### Input
[Start of Attachment]

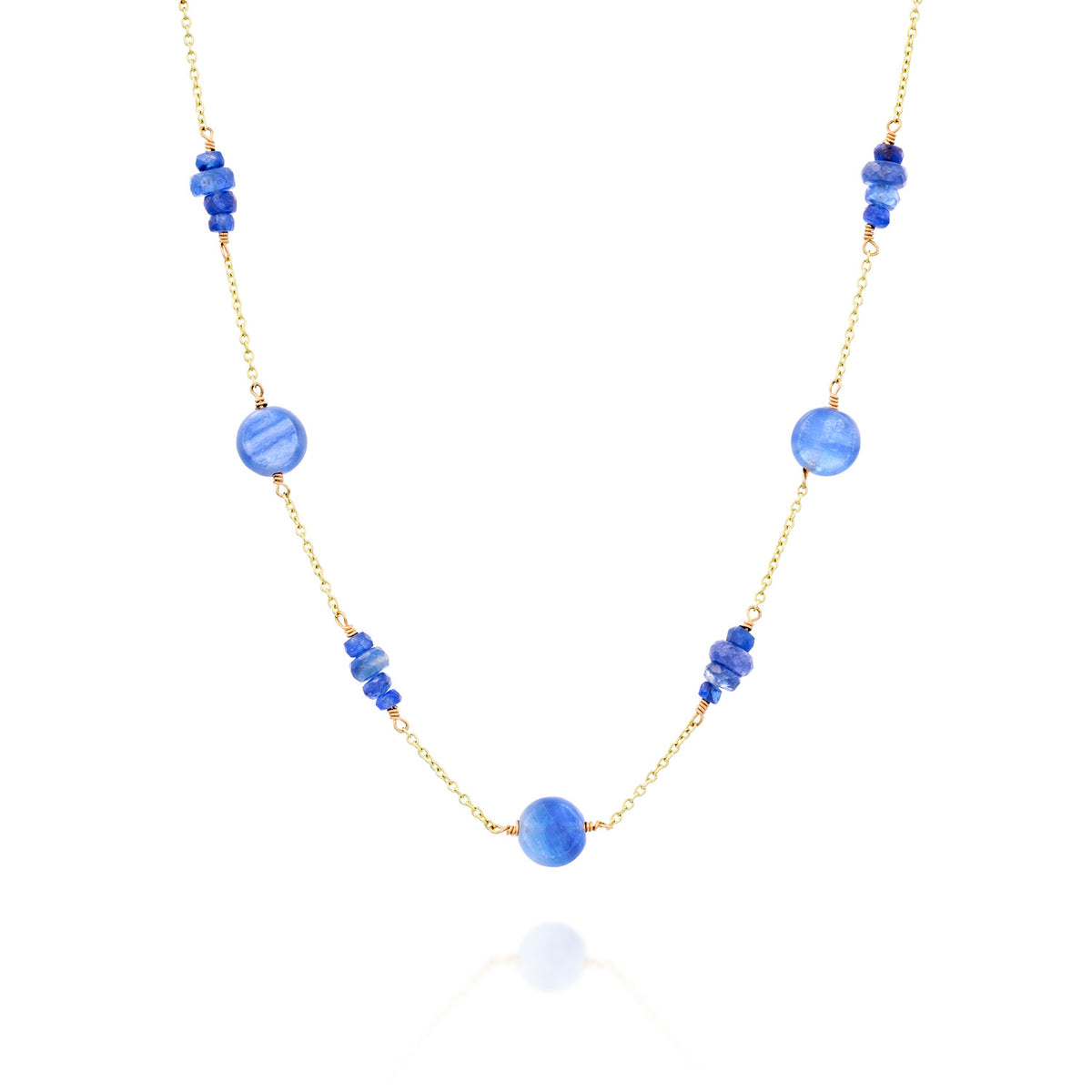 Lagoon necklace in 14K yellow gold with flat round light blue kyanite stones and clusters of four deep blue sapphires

[End of Attachment]
[Start of Attachment]

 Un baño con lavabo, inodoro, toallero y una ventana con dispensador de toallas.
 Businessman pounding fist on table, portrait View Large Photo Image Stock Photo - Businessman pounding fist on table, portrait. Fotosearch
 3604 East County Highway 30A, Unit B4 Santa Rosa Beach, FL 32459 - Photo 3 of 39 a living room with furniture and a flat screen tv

[End of Attachment]
[Start of Attachment]

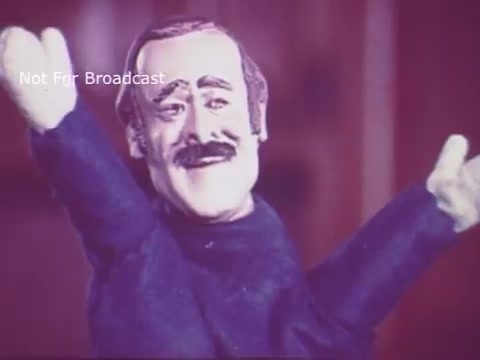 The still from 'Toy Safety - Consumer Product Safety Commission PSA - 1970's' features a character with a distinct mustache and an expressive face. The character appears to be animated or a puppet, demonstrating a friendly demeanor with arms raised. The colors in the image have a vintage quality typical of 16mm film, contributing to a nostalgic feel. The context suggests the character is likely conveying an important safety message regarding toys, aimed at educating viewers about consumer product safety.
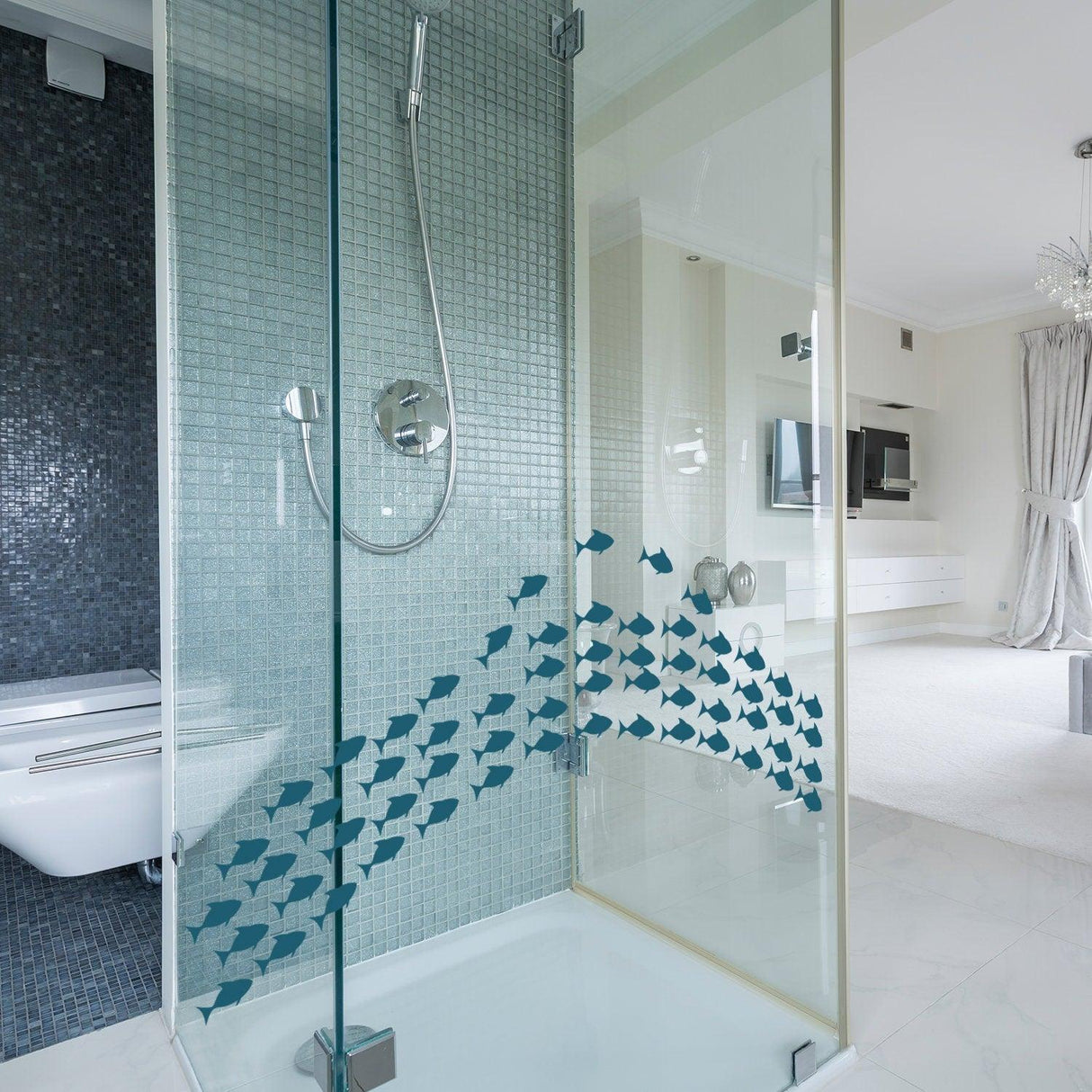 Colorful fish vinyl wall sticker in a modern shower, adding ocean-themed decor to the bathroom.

[End of Attachment]

### Task requirements
What lines in the data include the string "Photo"? Copy each one.

### Reply
 Businessman pounding fist on table, portrait View Large Photo Image Stock Photo - Businessman pounding fist on table, portrait. Fotosearch
 3604 East County Highway 30A, Unit B4 Santa Rosa Beach, FL 32459 - Photo 3 of 39 a living room with furniture and a flat screen tv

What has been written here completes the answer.